MongoDB noTimeout cursors causing cache pressure: pinned snapshots and silent eviction stalls
When wiredTiger.cache.bytes currently in the cache climbs, the dirty ratio trends toward 20%, and read latencies spike without a single slow query in the log, check metrics.cursor.open.noTimeout.
Each noTimeout cursor pins a WiredTiger snapshot indefinitely. Old document versions cannot be evicted while that snapshot is open, so the cache fills with unreachable history until background eviction falls behind and application threads are forced to clean up. The result is a silent cache pressure cascade that looks like a capacity problem but is actually a cursor lifecycle problem.
ETL pipelines, backup tools, and change streams often open cursors with noCursorTimeout() to traverse large collections without hitting the default idle timeout. When those cursors are abandoned, leaked, or left open longer than necessary, they continue holding snapshots long after the application has moved on. Unlike a slow query, there is no obvious offender in the logs. The pressure builds in the background until WiredTiger stalls application threads to evict pages, at which point everything slows down together.
What this means
WiredTiger uses multiversion concurrency control (MVCC). Every write creates a new version of a document in cache. Old versions are retained until no transaction or cursor needs them. A cursor opened with noCursorTimeout() bypasses the normal idle timeout and holds its snapshot open until explicitly closed or the connection drops. While that snapshot is active, WiredTiger cannot evict the old page versions visible to it. If the cursor traverses a large range or sits idle for hours, the pinned history accumulates. The cache fill ratio rises, the dirty ratio climbs, and eventually the eviction threads cannot keep pace. When the cache hits the aggressive eviction threshold, application threads pause to evict pages themselves. That adds latency to every operation, depletes read and write tickets, and causes queue depths to grow. The cascade looks like storage saturation, but adding disk I/O or RAM will not fix it because the root cause is snapshot retention, not capacity.
flowchart TD
A[Application opens noTimeout cursor] --> B[WiredTiger snapshot pinned]
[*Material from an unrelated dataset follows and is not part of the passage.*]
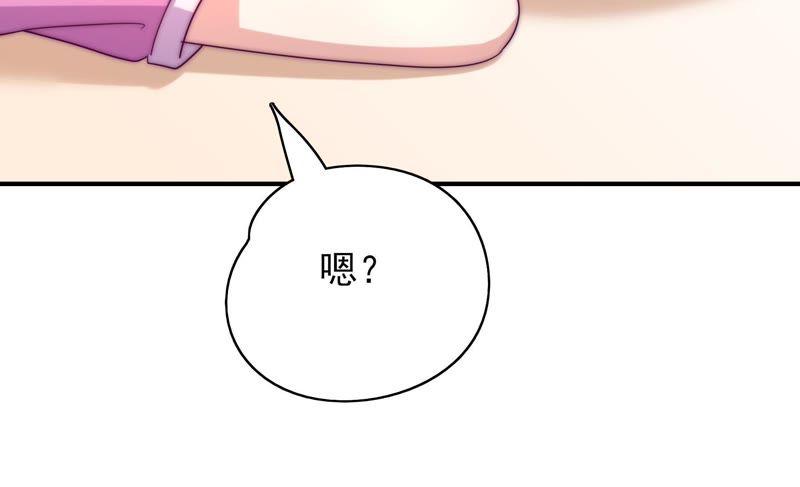 《恋爱先知》漫画最新章节第110话 祈求奇迹免费下拉式在线观看章节第【82】张图片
B --> C[Old document versions retained in cache]
C --> D[Cache fill and dirty ratio climb]
D --> E[Background eviction cannot free pinned pages]
E --> F[Application threads forced to evict]
F --> G[Latency spikes and queue depth grows]Common causes
| Cause | What it looks like | First thing to check |
|---|---|---|
ETL or backup tool using noCursorTimeout() | open.noTimeout is steady and greater than 0; getmore opcounter is elevated; long-running getmore from one client host | db.currentOp() filtered to getmore, grouped by client |
| Change stream consumer left open | open.noTimeout and open.pinned both elevated; an aggregation cursor on the change stream namespace appears in currentOp for hours | db.currentOp() for aggregations with $changeStream |
| Application cursor leak after connection drop | open.noTimeout climbs but currentOp shows no active client for some cursors; connection churn correlates with cursor growth | db.serverStatus().metrics.cursor delta against connections.totalCreated |
Quick checks
Run these read-only checks to confirm whether noTimeout cursors are driving cache pressure.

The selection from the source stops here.